The U.S. has been making great strides towards gender equality in recent years. So why is it that women still bear a heavier load than men when it comes to balancing work and family?
A 2013 survey found that mothers with children under the age of 18 were three times as likely as fathers to say that being a working parent made it more difficult to advance in their career. In addition, an analysis of government economic data showed that while young men and women generally start out with similar salaries, women struggle to keep up the pace once they decide to have children.
This data, released in an article from the Pew Research Center, is an alarming reminder that we are not making the progress necessary to ensure workplace equality among both genders. Kim Parker, Director of Social Trends Research at the center, writes:
“One reason mothers are more likely than fathers to say it’s harder to get ahead in the workplace may be that women are much more likely than men to experience a variety of family-related career interruptions. About four-in-ten working mothers (42%) say that at some point in their working life, they had reduced their hours in order to care for a child or other family member, while just 28% of working fathers say they had done the same.”

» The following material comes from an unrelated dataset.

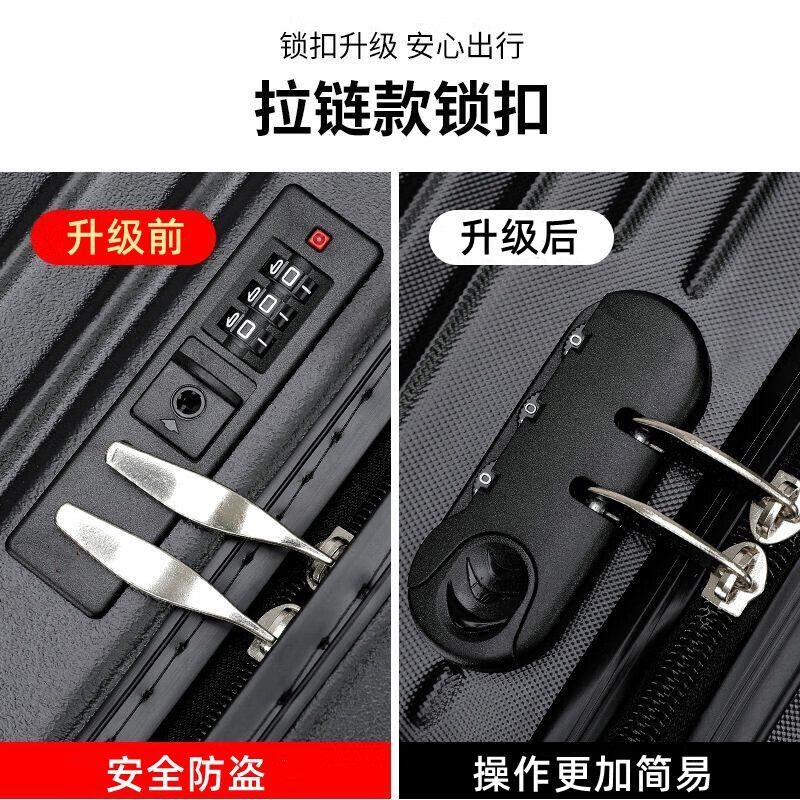 Tiffany Carney Oversized Luggage Men's Trendy Large Capacity Anti-scratch and Fall-resistant Hand-held Trolley Case Women's Overseas Shipping Large Luggage Student Accommodation Can Hold Quilt Password Suitcase Zipper Style Dazzling Black Platinum (Scratch-Resistant) 28-inch Strong and Durable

This motherhood penalty is a very real reality for working women, and it is up to the private sector to change that reality into one where a healthy work/life balance is successfully achieved through supportive and effective policies.
A recent investigation reveals that nearly 1 in 4 employed mothers are returning to work within two weeks of giving birth- and the effects are devastating. In a press call Tuesday, Ellen Bravo, executive director of Family Values @ Work, discussed the disturbing findings revealed in an article from In These Times, a monthly news magazine. In reference to the article, “The Real War on Families: Why the U.S. Needs Paid Leave Now,” Bravo says:
“What we are saying to women is either go back before you heal, before you have time to bond with your baby, or rely on public assistance and face the possibility of being called moochers and takers from politicians.”
With only the highest paid workers such as those at Netflix and Google having access to the best benefits, most women are going back to work out of financial necessity. This choice is a difficult one, and the burden is physical, emotional and economically straining. In the article, one mother opens up about having to pump milk in the parking lot on her breaks from a 12-hour shift, crying as she did so. A Chase banker was forced to quit her job to care for her premature infant.
The article sheds a heartbreaking light on the very real effects of the nonexistent parental leave provisions in the United States – As Sharon Learner, author of the piece, points out:
“Families need paid time off to take care of their new babies. Men, women and children will gain from this basic human dignity.”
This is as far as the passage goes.